The AskPhilosophers logo.

Language
Mathematics

Could there be more than a countably infinite number of propositions?
Accepted:
October 3, 2009

Comments

Jasper Reid
October 5, 2009 (changed October 5, 2009) Permalink

If the term 'proposition' is used to mean a sentence -- a string of symbols, be they spoken, written, gesticulated or whatever -- then I suppose there could be uncountably many propositions if we allow there to be propositions of infinite length. In that case, one ought to be able to diagonalise on them just as one does with the infinite decimal expansions of the real numbers. But I think it's reasonable to stipulate that we're only going to countenance finitely long sentences. After all, they wouldn't be much use in communication, if you could literally never get a sentence out.

Alternatively, if the set of symbols is itself uncountable, then that will certainly lead to an uncountable infinity of strings of such symbols. But it seems reasonable to stipulate against that case too. Communication would once again be thwarted, because we don't seem to have the perceptual capacity to discriminate between uncountably many different symbols -- indeed, our discriminatory abilities probably only extend to a finite (though no doubt very large) number.

But 'proposition' has been used in other ways over the years. So what if we take it to mean not the string of symbols itself, but rather the non-linguistic thing that such a sentence is expressing: a thought, or something of that kind? Well, then maybe there could be uncountably many propositions: we'd need to have a great deal more spelt out about the details of this notion before we'd be in a position to assess that. But (leaving aside any eccentric conceptions of sentences and symbols like those just discussed) there could no longer be a one-to-one correspondence between propositions and sentences. For there to be uncountably many propositions, while there are only countably many sentences, either there would need to be propositions that couldn't be expressed by sentences, or else a single sentence would need to correspond to multiple propositions at once. Either way, it would mean that sentences couldn't do a very good job of expressing propositions any more -- but that was surely the very thing that sentences were invented for in the first place.

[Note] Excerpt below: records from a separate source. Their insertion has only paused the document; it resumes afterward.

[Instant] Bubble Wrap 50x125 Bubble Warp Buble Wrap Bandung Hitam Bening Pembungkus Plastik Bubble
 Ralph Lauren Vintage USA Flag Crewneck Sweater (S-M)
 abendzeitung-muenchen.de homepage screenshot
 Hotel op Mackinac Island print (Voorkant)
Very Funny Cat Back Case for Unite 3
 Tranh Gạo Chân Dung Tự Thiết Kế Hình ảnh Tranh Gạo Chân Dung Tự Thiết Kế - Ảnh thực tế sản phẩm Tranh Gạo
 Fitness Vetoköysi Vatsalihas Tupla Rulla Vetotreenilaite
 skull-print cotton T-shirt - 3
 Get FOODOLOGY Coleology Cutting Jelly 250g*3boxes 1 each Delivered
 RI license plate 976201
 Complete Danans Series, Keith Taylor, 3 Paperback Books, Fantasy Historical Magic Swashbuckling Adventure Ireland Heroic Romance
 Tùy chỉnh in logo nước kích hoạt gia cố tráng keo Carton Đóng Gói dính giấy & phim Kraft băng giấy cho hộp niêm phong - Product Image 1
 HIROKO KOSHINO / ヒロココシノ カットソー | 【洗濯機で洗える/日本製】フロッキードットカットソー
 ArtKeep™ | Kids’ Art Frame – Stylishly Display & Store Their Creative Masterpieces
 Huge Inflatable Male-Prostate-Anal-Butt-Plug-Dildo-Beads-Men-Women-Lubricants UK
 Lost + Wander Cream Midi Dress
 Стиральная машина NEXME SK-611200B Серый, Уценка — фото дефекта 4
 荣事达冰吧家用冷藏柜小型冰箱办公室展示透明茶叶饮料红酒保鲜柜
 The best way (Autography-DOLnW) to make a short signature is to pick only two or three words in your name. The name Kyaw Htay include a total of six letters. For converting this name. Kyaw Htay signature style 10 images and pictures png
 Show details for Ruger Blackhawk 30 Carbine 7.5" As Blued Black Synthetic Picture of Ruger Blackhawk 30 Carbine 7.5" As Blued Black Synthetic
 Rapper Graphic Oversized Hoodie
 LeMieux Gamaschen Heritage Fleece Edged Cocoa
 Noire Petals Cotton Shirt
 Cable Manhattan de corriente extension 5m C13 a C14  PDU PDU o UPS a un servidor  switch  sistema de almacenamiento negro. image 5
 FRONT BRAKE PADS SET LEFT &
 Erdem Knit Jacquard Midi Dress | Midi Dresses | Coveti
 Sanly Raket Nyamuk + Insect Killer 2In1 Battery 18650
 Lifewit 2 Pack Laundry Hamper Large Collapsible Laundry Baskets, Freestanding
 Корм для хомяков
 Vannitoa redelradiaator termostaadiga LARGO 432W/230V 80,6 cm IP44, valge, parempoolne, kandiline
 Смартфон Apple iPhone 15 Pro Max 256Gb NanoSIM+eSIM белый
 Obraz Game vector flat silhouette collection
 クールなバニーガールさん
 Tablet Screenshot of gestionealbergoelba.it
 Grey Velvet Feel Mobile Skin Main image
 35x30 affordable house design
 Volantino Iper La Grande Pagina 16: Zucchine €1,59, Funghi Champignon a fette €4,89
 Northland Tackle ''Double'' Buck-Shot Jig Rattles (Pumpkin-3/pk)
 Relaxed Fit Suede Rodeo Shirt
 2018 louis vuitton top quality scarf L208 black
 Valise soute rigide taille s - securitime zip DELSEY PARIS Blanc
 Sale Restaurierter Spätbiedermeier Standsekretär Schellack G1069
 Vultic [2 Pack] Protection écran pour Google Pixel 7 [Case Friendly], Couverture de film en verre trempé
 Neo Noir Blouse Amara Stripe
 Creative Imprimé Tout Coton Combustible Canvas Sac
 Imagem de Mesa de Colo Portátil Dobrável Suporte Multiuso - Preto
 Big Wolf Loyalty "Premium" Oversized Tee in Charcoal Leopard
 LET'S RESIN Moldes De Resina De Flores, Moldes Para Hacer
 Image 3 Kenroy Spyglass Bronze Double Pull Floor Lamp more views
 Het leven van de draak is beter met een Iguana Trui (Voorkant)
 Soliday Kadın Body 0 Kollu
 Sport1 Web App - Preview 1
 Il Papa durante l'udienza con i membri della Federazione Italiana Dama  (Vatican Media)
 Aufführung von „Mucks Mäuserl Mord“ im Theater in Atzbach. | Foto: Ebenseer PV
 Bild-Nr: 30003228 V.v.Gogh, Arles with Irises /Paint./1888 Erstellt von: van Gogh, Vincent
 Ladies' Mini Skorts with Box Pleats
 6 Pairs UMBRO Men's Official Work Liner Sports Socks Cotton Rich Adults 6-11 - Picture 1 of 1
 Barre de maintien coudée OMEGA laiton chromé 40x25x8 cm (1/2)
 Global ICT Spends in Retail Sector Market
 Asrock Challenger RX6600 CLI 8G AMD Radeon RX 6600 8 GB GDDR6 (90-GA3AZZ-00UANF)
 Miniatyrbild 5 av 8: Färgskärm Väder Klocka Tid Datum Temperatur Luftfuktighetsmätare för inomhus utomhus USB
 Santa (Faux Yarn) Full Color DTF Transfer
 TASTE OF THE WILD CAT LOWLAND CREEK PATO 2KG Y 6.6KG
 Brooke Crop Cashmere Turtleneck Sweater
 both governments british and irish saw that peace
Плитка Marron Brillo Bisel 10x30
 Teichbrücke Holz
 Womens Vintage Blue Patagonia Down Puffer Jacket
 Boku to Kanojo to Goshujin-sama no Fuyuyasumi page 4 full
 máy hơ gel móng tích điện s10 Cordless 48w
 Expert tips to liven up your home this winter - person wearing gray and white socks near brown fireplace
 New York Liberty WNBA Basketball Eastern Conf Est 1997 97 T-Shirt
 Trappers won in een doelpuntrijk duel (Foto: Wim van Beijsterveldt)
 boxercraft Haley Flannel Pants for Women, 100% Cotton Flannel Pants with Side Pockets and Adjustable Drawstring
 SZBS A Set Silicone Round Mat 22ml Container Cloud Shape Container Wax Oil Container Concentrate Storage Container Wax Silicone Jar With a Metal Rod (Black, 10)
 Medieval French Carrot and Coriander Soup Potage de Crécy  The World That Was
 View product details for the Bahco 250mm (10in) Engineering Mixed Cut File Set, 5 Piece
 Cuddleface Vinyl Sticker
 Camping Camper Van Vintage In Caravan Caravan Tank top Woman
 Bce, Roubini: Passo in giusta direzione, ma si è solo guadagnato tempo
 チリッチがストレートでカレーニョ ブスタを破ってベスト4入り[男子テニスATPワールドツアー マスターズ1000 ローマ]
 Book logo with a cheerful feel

  • Log in to post comments

Richard Heck
October 6, 2009 (changed October 6, 2009) Permalink

If I remember correctly, and I may well not, David Lewis explicitly argues that there are uncountably many propositions in Plurality of Worlds and uses this as an argument against any view that would try to reduce propositions to sentences. At the very least, he does consider this issue. So here's an argument that I think I remember from that book that we can consider, anyway. It is based upon the claim that, for any real number x, there ought to be a proposition---a possible content of thought---that I am shorter than x inches tall. Indeed, each such proposition could be expressed by a sentence. All we have to do is give the real number x a name, say, "Fred", and then the proposition will be expressed by the sentence "I am shorter than Fred inches tall". But if so, then there are at least as many propositions as there are reals.

The key to this argument, note, is the observation that the claim "For every proposition p, there could be a sentence S that expressed it" is much weaker than "For every proposition p, there is a sentence S that expresses it". It's the latter that the reductionist needs. But the argument needs only: If there could be a sentence S that meant that p, then there is a proposition that p---assuming that other, uncontroversial conditions required for the proposition to exist are met. E.g., there might have been propositions other than the ones there are, because there might have been people other than the ones there are, and then there would have been propositions about them that there in fact aren't. But that's not what's happening in this case.

That there should be uncountably many propositions for this kind of reason does not, so far as I can see, imply anything bad about the possibility of communicating. Each actual (meaningful) sentence corresponds to---that is, expresses---just one proposition (modulo worries about context). But there are lots of propositions that are not, in fact, expressed by any sentence.

My own preference, for what it is worth, is to refuse to talk of propositions, period. But that's a different matter. If we are going to talk of propositions, then it actually seems quite hard, for the reasons just given, to keep them countable.